▼
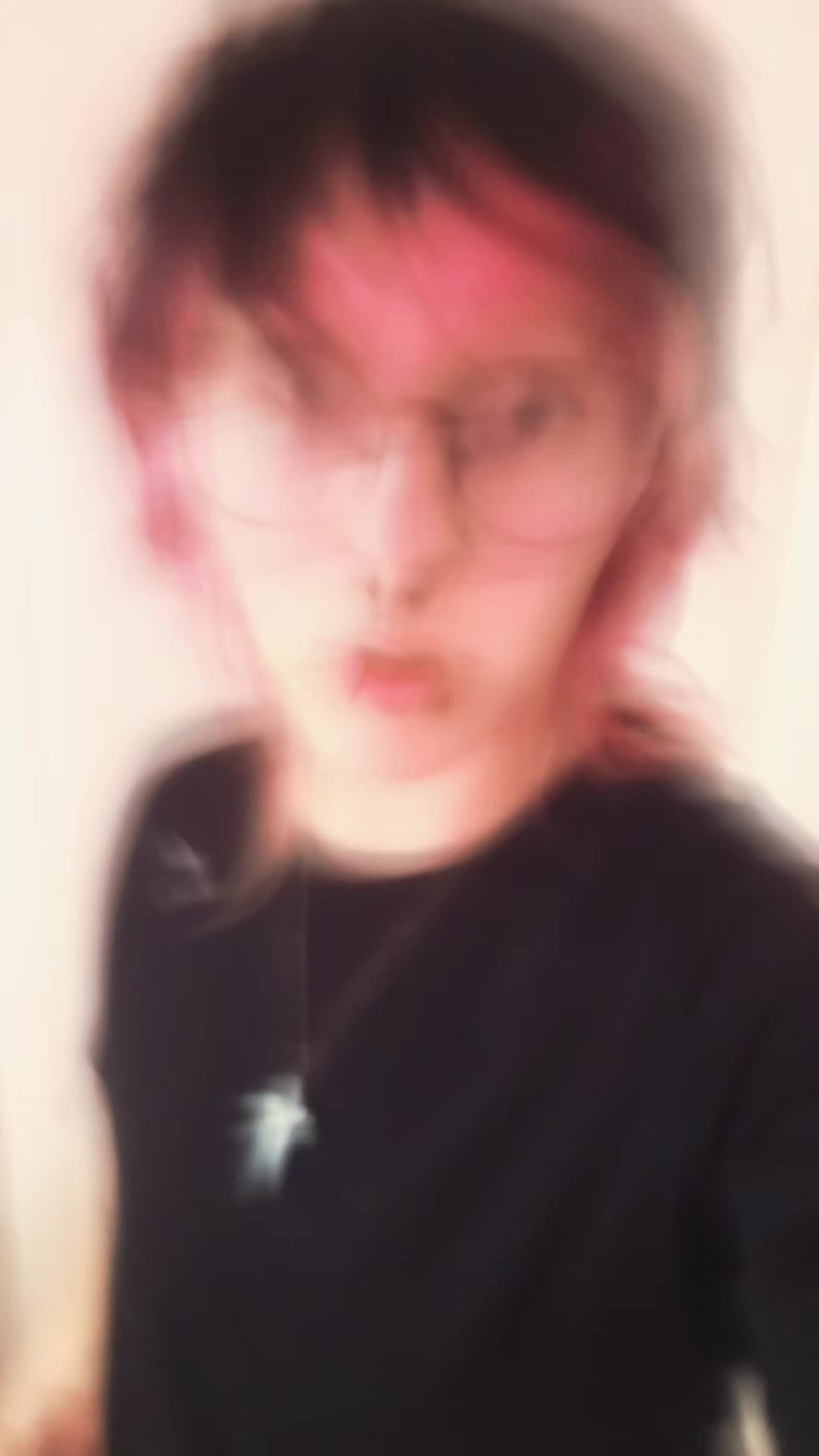 @💜Aaron🖤(he/him)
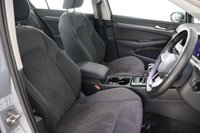 USED 2024 VOLKSWAGEN GOLF 1.5 TSI Style Hatchback 5dr Petrol Manual Euro 6 (s/s) (130 ps) 1 OWNER, CAMERA, APPLE CARPLAY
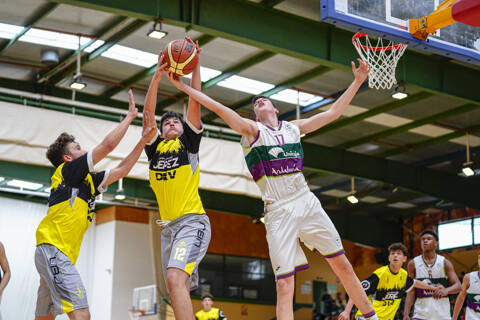 UNICAJA -- DKV JEREZ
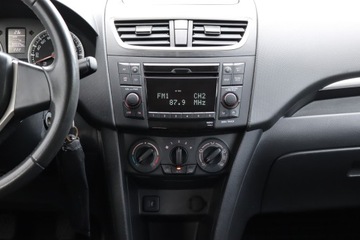 Suzuki Swift V Hatchback 5d 1.2 VVT 94KM 2013 Suzuki Swift 1.2, Salon Polska, Klima, zdjęcie 11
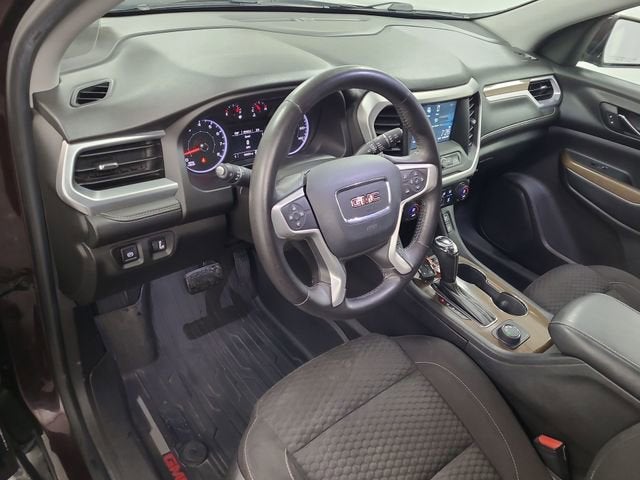 2017 GMC Acadia SLE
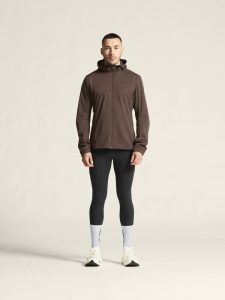 1912453-286000_ADV20Essence20Hydro20Jacket20M_closeup1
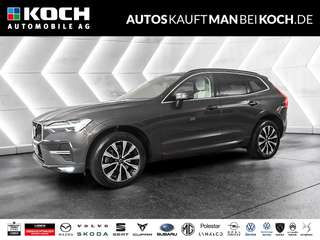 Schräge Frontansicht auf einen Volvo XC60 , freigestellt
▲
Quote the records above in full, dropping each picture.

 @💜Aaron🖤(he/him)
 USED 2024 VOLKSWAGEN GOLF 1.5 TSI Style Hatchback 5dr Petrol Manual Euro 6 (s/s) (130 ps) 1 OWNER, CAMERA, APPLE CARPLAY
 UNICAJA -- DKV JEREZ
 Suzuki Swift V Hatchback 5d 1.2 VVT 94KM 2013 Suzuki Swift 1.2, Salon Polska, Klima, zdjęcie 11
 2017 GMC Acadia SLE
 1912453-286000_ADV20Essence20Hydro20Jacket20M_closeup1
 Schräge Frontansicht auf einen Volvo XC60 , freigestellt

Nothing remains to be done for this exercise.